Ao longo dos séculos, as sociedades e os Estados definiram o papel, os poderes e os deveres da polícia, os quais foram variando consoante o respetivo contexto histórico e sociopolítico, as circunstâncias de segurança, a estrutura administrativa e as tradições de governo.
Além disso, as tarefas atribuídas à polícia não eram igualmente imunes aos desenvolvimentos sociopolíticos verificados historicamente. Nalguns Estados, floresceram estratégias policiais secretas e opressivas, ao longo dos séculos XVIII e XIX. A título exemplificativo, as funções policiais na Prússia foram muito para além das funções tradicionais desempenhadas pela polícia em ordenamentos jurídicos de common law. À polícia foi outorgado o poder de enquadrar regras e portarias que regulam a conduta dos cidadãos, bem como poderes limitados para punir indivíduos (Gale, 2006). Para mais desenvolvimentos, Casey-Maslen e Connolly (2017) fornecem uma visão geral mais detalhada, sobre a evolução histórica do policiamento na Europa e nos Estados Unidos.

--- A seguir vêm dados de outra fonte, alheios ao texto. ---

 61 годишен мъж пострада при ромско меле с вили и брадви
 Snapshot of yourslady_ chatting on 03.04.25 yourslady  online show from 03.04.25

Em suma, ao longo dos séculos XVI a XIX, o desenvolvimento, a organização e as tarefas da polícia foram significativamente influenciados pelas tradições de governo, pelos desenvolvimentos sociopolíticos e por motivos de poderes decisórios. No entanto, a partir de meados dos anos 1800, o conceito de policiamento profissional moderno começou a desenvolver-se. O estabelecimento da Polícia Metropolitana de Londres em 1829 é considerado um avanço no policiamento moderno. A Polícia Metropolitana foi fundada nos princípios de policiamento desenvolvidos por Sir Robert Peel, que é considerado o “pai” do policiamento moderno. Os Princípios de Peel definiram a missão policial como “prevenção do crime e da desordem” e destacaram a importância de um “serviço imparcial em prol da lei”, “garantir a cooperação do público” e restringir o uso da força. Embora não tenham influência universal, os Princípios de Peel inspiraram o desenvolvimento do policiamento em muitos Estados, incluindo nos EUA e nos países da Commonwealth Britânica, sendo uma forma de policiamento, por vezes descrita, de "policiamento por consentimento" (ver, por exemplo, Jackson, et al. 2012).
Para além dos Princípios de Peel, o policiamento moderno também se encontra marcado pela profissionalização da polícia. Embora não exista uma definição padrão de “profissionalização policial”, esta é geralmente caracterizada pelo recrutamento em conformidade com padrões específicos, incluindo remuneração com vista a criar um serviço de carreira, treino formal baseado em códigos padronizados e supervisão sistémica por parte dos superiores, todos no contexto de uma estrutura de comando claramente estabelecida (Bayley, 1985, p. 47).
A partir de meados do século XIX e um pouco por todo do mundo, os países passaram a adotar, mais frequentemente, abordagens modernas e profissionais quanto ao policiamento. Embora os papéis, deveres e poderes específicos da polícia variassem consoante as jurisdições, a polícia geralmente era tida como uma força de segurança do Estado, encarregue de fazer cumprir a lei, prevenir e controlar o crime e manter a ordem pública. Um tal entendimento tradicional e bastante restrito da polícia, sustentava que esta era apenas uma “força” do Estado, a quem tinham sido conferidos poderes para levar ao cumprimento da lei, bem como para prevenir e combater crimes.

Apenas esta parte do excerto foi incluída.